# Cute Child's Aran



## justfara (Sep 9, 2011)

http://www.knitnet.com/sampler/current/page5.htm

This one looks challenging but a lot of fun!


----------



## LadyBecket (Jun 26, 2012)

This little sweater is just adorable!! You did such a beautiful job making it!! Thank you so much for the link for the pattern!!!!!!!!!


----------



## justfara (Sep 9, 2011)

Oh, I haven't made it yet, just found it on Pinterest and posted the pics to show what it can look like.


----------



## Debbystitchknit (Dec 7, 2011)

I like it too. Looks like you can eliminate the buttons as well.


----------



## kiwiannie (Jul 30, 2011)

Lovely gansey,thanks for the link.


----------



## 29426 (Jul 26, 2011)

Thanks for this.


----------



## whitetail (Feb 19, 2011)

Very nice sweater, and does look like it would be fun to make with all the different stitches, thanks for sharing.


----------



## Ann Heistad (Jan 18, 2012)

This will be perfect with a toque to match. My needles are ready to click and clack.


----------



## MacRae (Dec 3, 2011)

This is adorable. Thanks for sharing. I have a Granddaughter who would look adorable in this.


----------



## knitnanny (Feb 28, 2012)

That's a beautiful sweater and thanks for sharing the pattern!


----------



## crazygyrlknits (May 22, 2012)

Thank you for sharing i will show it to my daughter and see if she wants one for the grandson.


----------



## Zinzin (Oct 17, 2012)

Thanks for sharing the pattern, just in time for his b'day present in June.


----------



## jscaplen (Sep 25, 2012)

Debbystitchknit said:


> I like it too. Looks like you can eliminate the buttons as well.
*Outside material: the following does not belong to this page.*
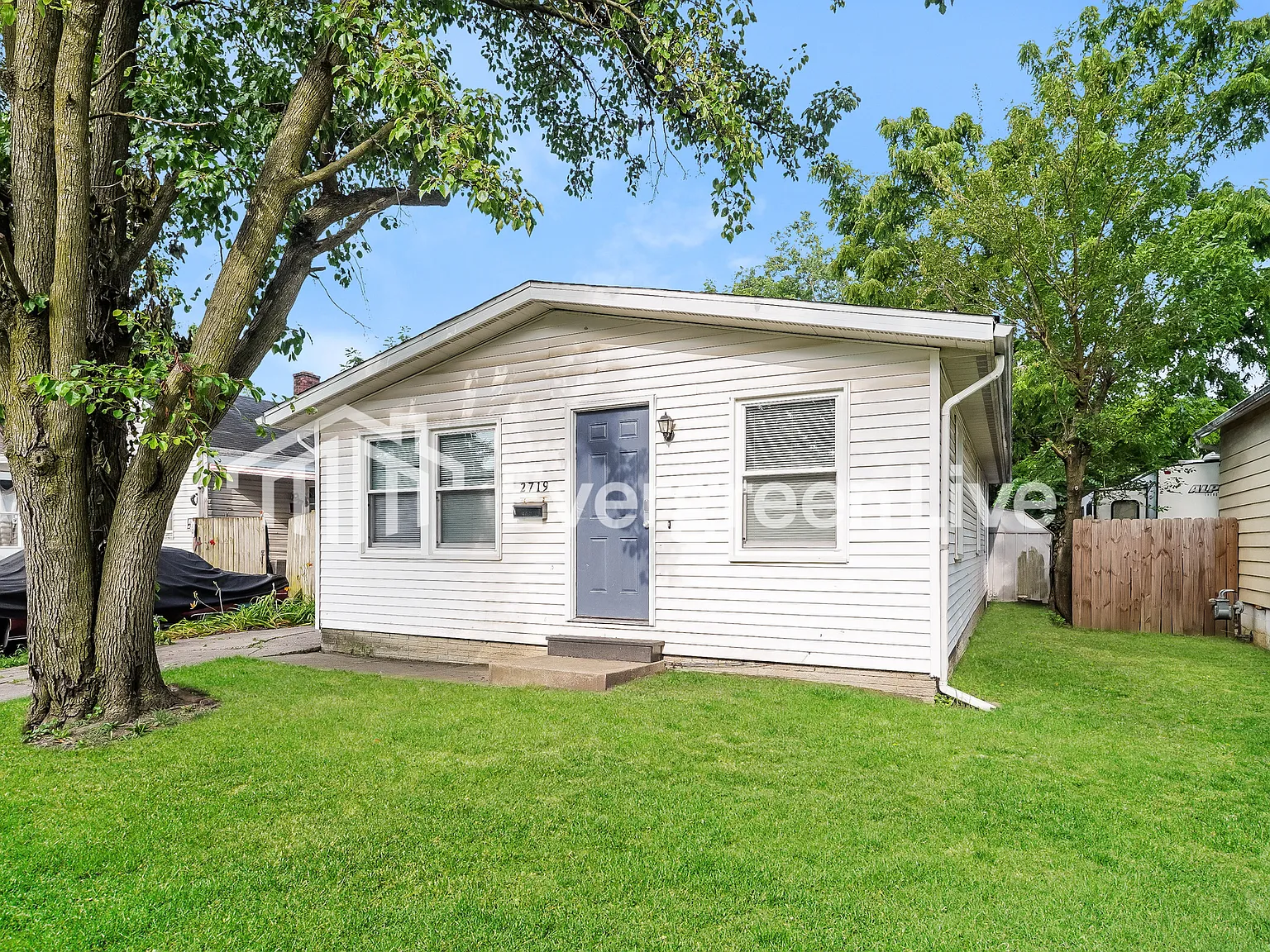 3 bed, 1.5 bath, 1056 sqft, $1,295 — Photo 2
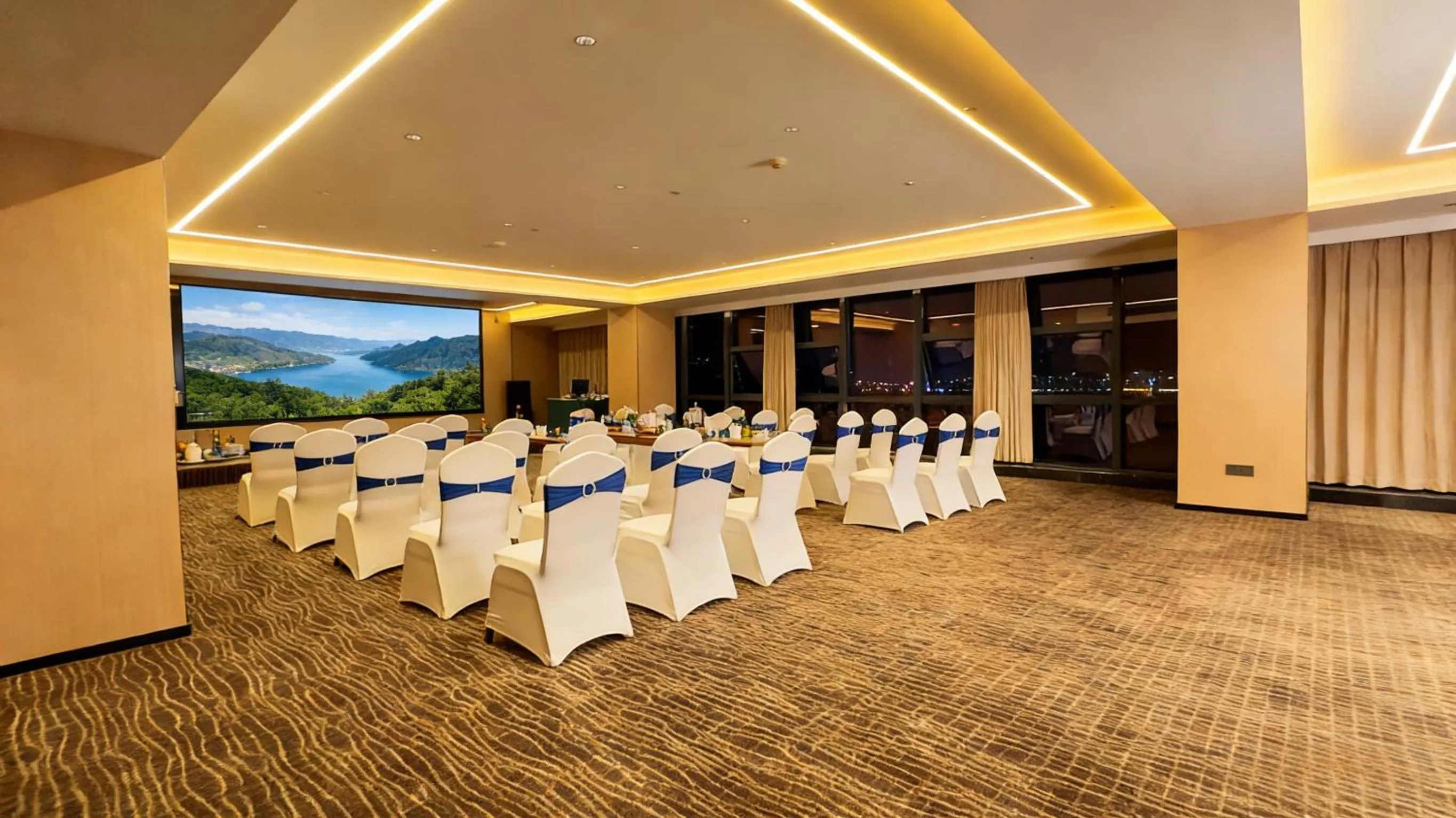 Meeting/conference room in Treasure Island Hotel HUMEN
I like the idea of the buttons - even if only on one shoulder. It makes it easier to get over the child's head. I remember that being a bit of an issue with small children - oversized heads.


----------



## run4fittness (May 22, 2011)

that would look great!


----------



## gertyau (Sep 29, 2011)

Dear Justfara
What a lovely childs pattern. I have downloaded a copy. Thankyou. Pat
gertyau


----------



## benedicte1962 (Feb 27, 2015)

bonjour 
serait il possible d'avoir lesexplications de ce petit pull adorable car le lien ne marche pas . Merci


----------



## Guillotte (Jan 16, 2016)

Bonjour, 
J'aime ce petit pull, seulement IMPOSSIBLE de trouver le site pour les explications.
Cordialement.
Elisa


----------